▸ **Task data**
================================

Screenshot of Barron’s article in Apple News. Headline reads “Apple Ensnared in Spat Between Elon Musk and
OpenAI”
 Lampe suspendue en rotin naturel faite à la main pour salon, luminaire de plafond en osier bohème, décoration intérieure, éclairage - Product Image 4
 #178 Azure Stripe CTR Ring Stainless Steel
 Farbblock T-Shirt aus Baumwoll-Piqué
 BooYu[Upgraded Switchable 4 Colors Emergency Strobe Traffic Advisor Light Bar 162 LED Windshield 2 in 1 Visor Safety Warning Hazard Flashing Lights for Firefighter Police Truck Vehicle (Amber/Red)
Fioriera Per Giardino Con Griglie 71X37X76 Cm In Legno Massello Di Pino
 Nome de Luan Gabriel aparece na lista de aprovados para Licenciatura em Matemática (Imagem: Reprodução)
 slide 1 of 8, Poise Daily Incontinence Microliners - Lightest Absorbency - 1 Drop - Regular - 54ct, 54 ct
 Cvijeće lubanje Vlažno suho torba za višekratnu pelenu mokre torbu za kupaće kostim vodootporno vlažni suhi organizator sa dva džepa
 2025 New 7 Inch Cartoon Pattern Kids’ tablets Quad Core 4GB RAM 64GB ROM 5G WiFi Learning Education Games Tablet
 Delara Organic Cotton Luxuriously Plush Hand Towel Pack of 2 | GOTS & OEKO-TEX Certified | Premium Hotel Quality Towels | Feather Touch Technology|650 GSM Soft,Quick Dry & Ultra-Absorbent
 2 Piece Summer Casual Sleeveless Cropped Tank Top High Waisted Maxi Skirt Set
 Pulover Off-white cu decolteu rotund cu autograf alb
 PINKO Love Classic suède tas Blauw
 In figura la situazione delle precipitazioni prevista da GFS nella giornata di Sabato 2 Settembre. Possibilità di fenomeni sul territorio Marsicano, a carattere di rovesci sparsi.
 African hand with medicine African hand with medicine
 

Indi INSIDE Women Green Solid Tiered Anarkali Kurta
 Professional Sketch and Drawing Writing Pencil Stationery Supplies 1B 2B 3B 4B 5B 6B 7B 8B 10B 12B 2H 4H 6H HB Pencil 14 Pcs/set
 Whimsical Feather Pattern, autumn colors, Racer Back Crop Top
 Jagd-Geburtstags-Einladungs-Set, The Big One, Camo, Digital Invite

================================

▸ **Problem to work on**
What is needed is an exact copy of the entries above, from the first line through the line holding "Farbblock T-Shirt aus Baumwoll-Piqué", with both of those lines kept; please give nothing else.

▸ **Written solution**
Screenshot of Barron’s article in Apple News. Headline reads “Apple Ensnared in Spat Between Elon Musk and
OpenAI”
 Lampe suspendue en rotin naturel faite à la main pour salon, luminaire de plafond en osier bohème, décoration intérieure, éclairage - Product Image 4
 #178 Azure Stripe CTR Ring Stainless Steel
 Farbblock T-Shirt aus Baumwoll-Piqué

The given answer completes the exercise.